ВШ: Никакую поэзию оно прямо не поддерживает и никакая – с точки зрения государства – не является официальной.

ОМ: Вот-вот, поэтому очень интересно понять, почему возникает у Ники это ощущение. Мы не можем сказать «Нет, это не так», если у молодых поэтов создается ощущение, что это так. Над этим вообще-то стоит подумать.
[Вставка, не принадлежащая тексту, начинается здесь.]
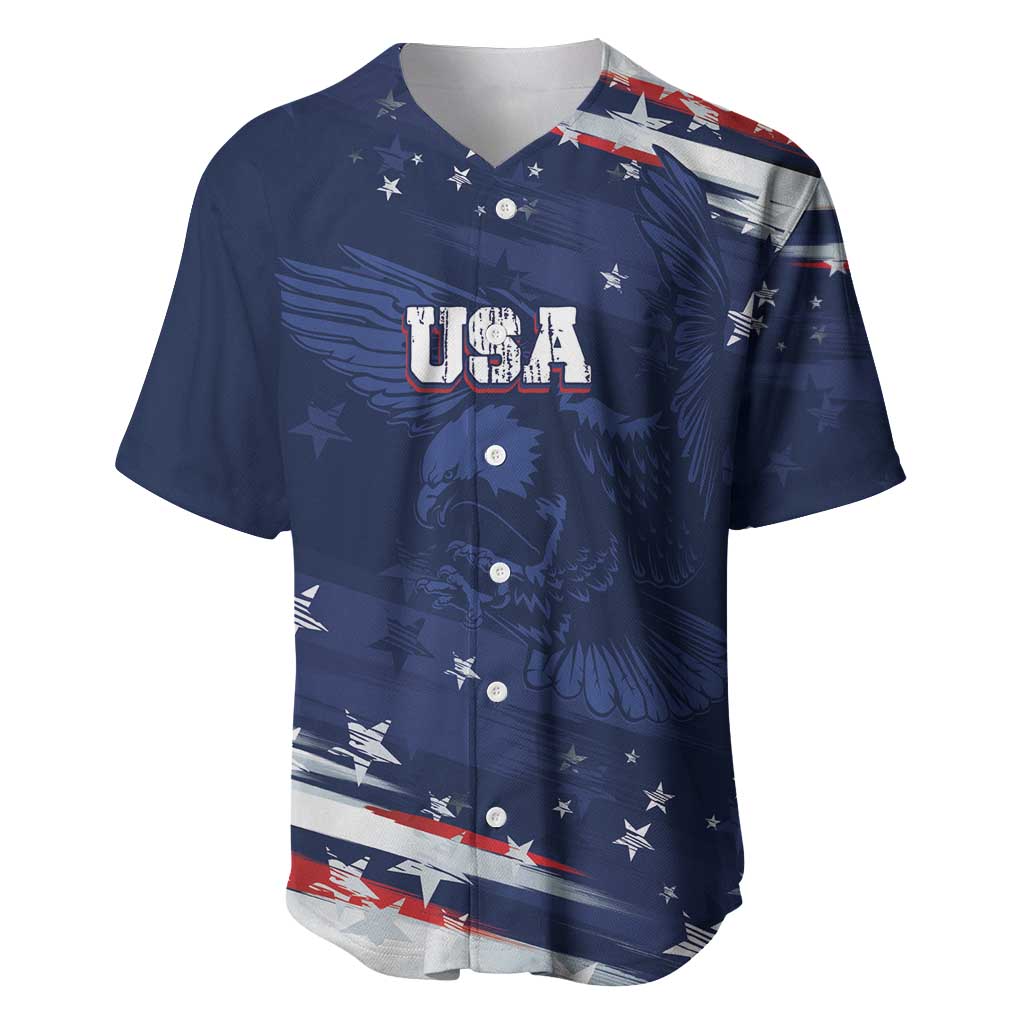 Personalized Fourth Of July USA Baseball Jersey The Stars and Eagle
ВШ: И возникает вопрос – кто тогда поддерживает, если не государство? А какая поэзия является официальной? Какая поэзия наследует поэзии советской? Чисто эмпирически мы можем сказать – есть поэзия, которая пользуется рыночным успехом. Это может быть поэзия очень плохая, как чудовищные Ах Астаховы, в сравнении с которыми Эдуард Асадов – Гёте. Но есть и вполне профессиональные, уровня Евтушенко, авторы – скажем, Вера Полозкова, пишущая вполне гладкие и культурные на определенном уровне стихи, собирая большую аудиторию и естественно существуя в мире коммерческой словесности. С одной стороны, да, это наследует советской поэзии. С другой стороны, есть такие авторы, как Галина Рымбу (несомненно талантливый человек, сразу хочу оговориться) – вроде бы нон-конформистские, радикальные. И вот они пишут однозначные и простые по мысли публицистические стихи. Чему это наследует? Неофициальной литературе постсоветской эпохи? Независимой поэзии? Или это наследует тому же Евтушенко? Это очень интересный вопрос, который требует жёсткого и нелицеприятного разговора.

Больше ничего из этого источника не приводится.